Some healing is beyond human capacity. The Torah says, ‘I am God, your healer.’ To many, healing may only come slowly, perhaps through nature and music, both sacred and soothing – if only they get time to breathe them in.

But healing must also come from us, at the very least through acknowledgement and appreciation. Rachel Remen, whose life is devoted to caring for carers, writes that ‘medicine is as close to love as it is to science.’ Some of that love needs to come from each of us.

 

Being true?

Our older dog, Mitzpah, has aged greatly during lockdown. The puppy, who does her best to provoke him, succeeds in infusing him with a few minutes of daily zest. But often he follows me round, even more than he used to, staring up with that baleful look which one can’t help thinking dogs secretly perfect in the mirror. But he’s saying something different from ‘Give me another biscuit,’ or at least that’s what I hear. He’s asking, ‘Will you still look after me, will you still love me, now I can’t make the long walks, now I’m ninety-four?’

The question of truth is, rightly, at the forefront of public debate: is everything only ‘my truth’ or ‘your truth’? Are so-called ‘facts’ merely subjective, the way we choose, and try to make others choose, to see them? Or is there such a thing as empirically verifiable data which demands our respect?

But there’s another aspect of ‘truth’ which troubles me no less deeply: being true. ‘True’ in this sense translates into Hebrew not as emet, but as ne’eman, ‘faithful’; or, as my grandfather would say in German, not as wahr, but as treu. It’s how Matthew Arnold uses the word in Dover Beach:

Ah, love, let us be true
To one another! for the world, which seems
To lie before us like a land of dreams,
So various, so beautiful, so new,
Hath really neither joy, nor love, nor light,
Nor certitude, nor peace, nor help for pain…

Being true to one another, he felt as he listened to the retreating tide symbolising faith’s ‘long, withdrawing roar’, is all we have on this earth.

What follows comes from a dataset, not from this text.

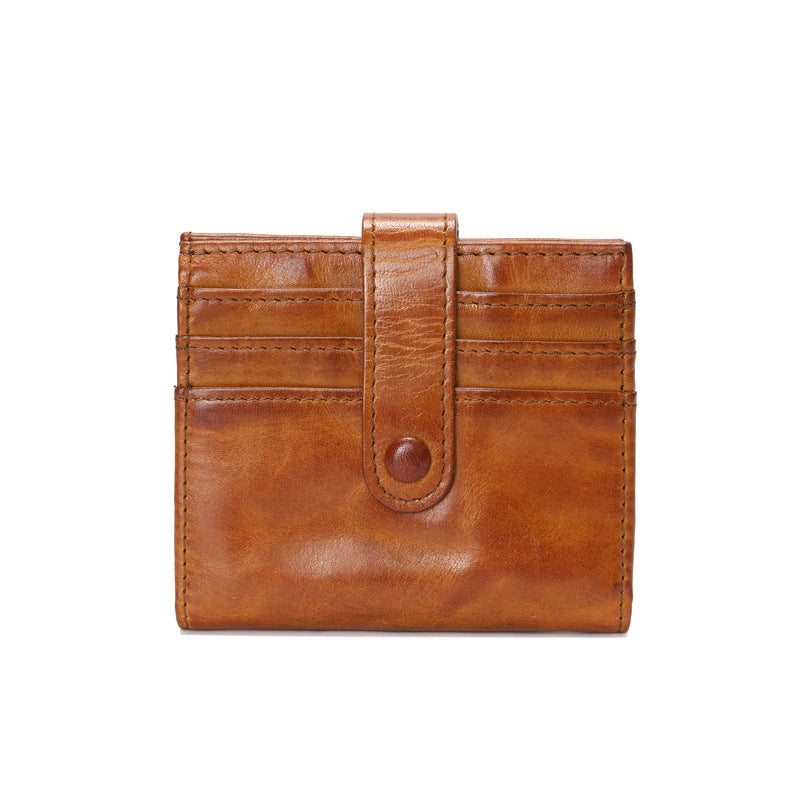 Men's Mini Card Holder Wallet Genuine Vegetable Tanned Top Layer Cowhide, Multiple Card Slots, Ultra Thin Slim Short Wallet, Vintage Retro Style for Daily Carry - Image 5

As I write, a conversation returns to my mind, still filling me ten years later with a residue of the shame I felt at the time. It was only a two-minute exchange in the street about a mutual friend: ‘He thinks you’ve forgotten him now he’s not well.’

Since then, those words have been an ear-worm in my conscience. They’re my measure of what ne’eman means: faithful, trustworthy, present through thick and thin. I meet people who’re like that; I’m aware of more of them since lockdown has brought to the fore the importance of this kind of ‘truth’: people who keep in touch with everyone they know, who try to forget no one, who treat nobody, ever, as second class.

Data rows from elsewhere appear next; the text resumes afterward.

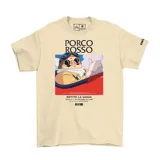 Remera de algodón color crema con estampa frontal inspirada en la película Porco Rosso de Studio Ghibli, que muestra al personaje principal en su avión.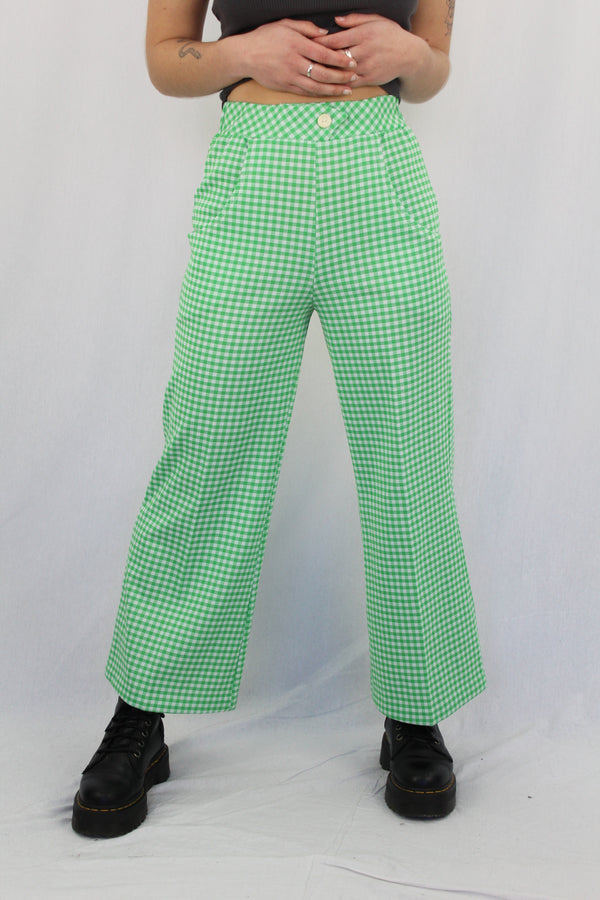 Green Gingham Pants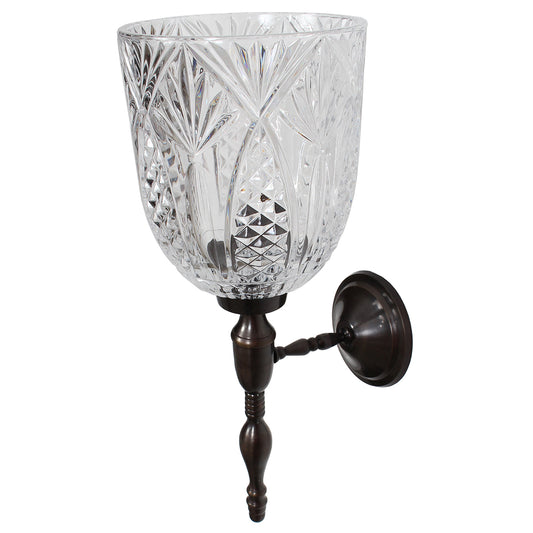 Sconce 12" Bronze Crystal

This is what it means to be human. I recently attended a conference about friendship in different faiths. Much of it left me unmoved because in the end all the theology comes down to this: we hold each other’s humanity in trust.

It’s a responsibility and privilege which goes beyond those we know already. I’ve heard the following often this year, and I’m struck every time:

‘I think it’s a medical student, or it might be a nursing assistant, or the intensive care nurse herself: she holds her mobile phone next to my father in the ICU and lets us talk to him. Sometimes we even sing.’

It’s a truism that ‘a patient is a person, not just someone who’s sick.’ But to live that truth when you’re long past exhausted, when your personal safety may be at risk, when your heart is worn bare by witnessing suffering, and yet still to have the love – what words do justice to this?

We hold each other’s humanity in our hearts, and sometimes in our very hands. How we do so defines us. I believe God asks us all the time ‘Are you being faithful?’ These words don’t come from above. They’re not in heaven but in our family, friends, fellow beings, even in the eyes of the dog.

We had a small family dinner on the Friday night of my Bar Mitzvah (as so many families would love to be able to do now!) I remember vividly something my grandfather said about me: ‘Er ist treu’ – he never got used to speaking in English – ‘he’s true.’ What he was really telling me was: ‘Be true, because that’s what matters.’

I still hear him say those words. I paid little attention at the time, but now they fill me with an inseparable mixture of shame, inspiration and love.